Around the world, the volume of data that scientists and corporations are collecting is accelerating at a rapid pace. These volumes of data quickly outpace the traditional relational databases that have been used to store and query this data in the past, and the world is rapidly replacing these systems with NoSQL data stores such as Apache Accumulo.
Previously, analysts who have been able to run SQL queries to analyze their data had to transform and adapt their analytics to more cumbersome languages and frameworks such as Java with Apache MapReduce or Scala with Apache Spark. Today, with the high-performance Apache Accumulo connector for Presto, we bring back the accessibility and ease of being able to execute traditional SQL queries to the NoSQL Big Data age.
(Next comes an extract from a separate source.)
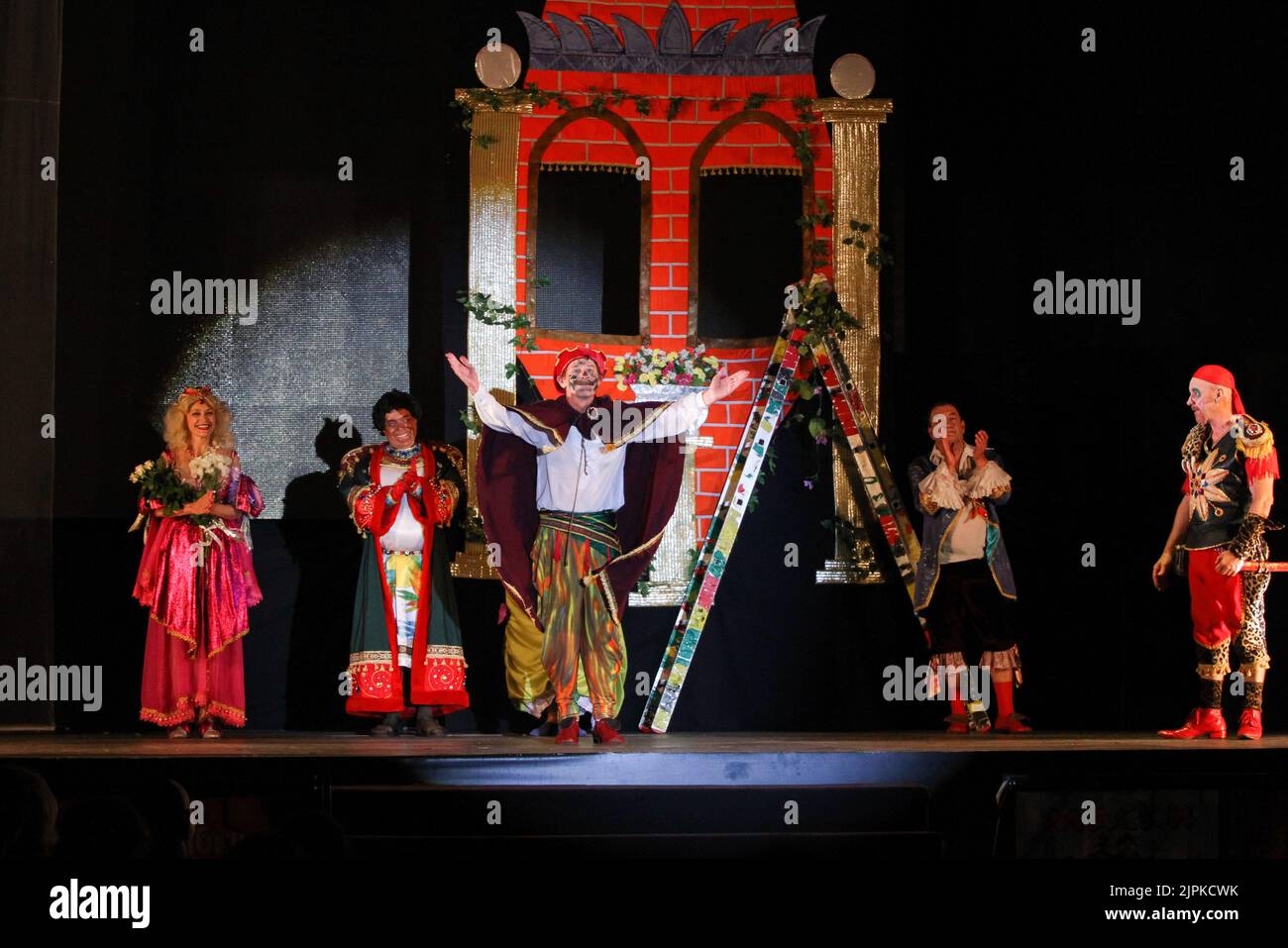 La comédie 'ATELLA!' Par Boris Barsky réalisé par Georgi Deliyev par la troupe principale de la bande dessinée 'masques' Boris Barsky (au centre) et d'autres acteurs sont vus en train de jouer pendant le spectacle. La Maison des clowns est un théâtre où les membres de la troupe de bande dessinée 'Masks' (Maski) se produit régulièrement. La troupe de bande dessinée 'Mass' est un collectif Odessa, fondé en 1984, qui travaille dans les genres de pantomime, de clowning et d'excentriques. Directeur artistique - Georgy Deliev. Membres: Artiste du peuple d'Ukraine Boris Barsky; artiste honorée d'Ukraine Natalia Buzko; artiste du peuple d'Ukraine Georgi Deliyev, Banque D'Images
In this presentation, we will discuss how the connector abstracts away common design patterns for interacting with data stored in Accumulo. Through the use of server-side iterators and secondary indexing, the connector can project a SQL interface onto their large data sets. This enables applications, data consumers, and data scientists to run production and ad-hoc queries against large data sets using SQL. When issuing queries with fine-grained predicates, the connector can skip scanning the entire Accumulo table and use the built-in indexing scheme to quickly retrieve data from Accumulo. Additionally, through the use of external tables and the built-in or custom serializer framework, the connector is able to query data stored in existing Accumulo tables.
Finally, we will discuss the use cases at Bloomberg that led to the creation of the connector and discuss how it is being used in production today.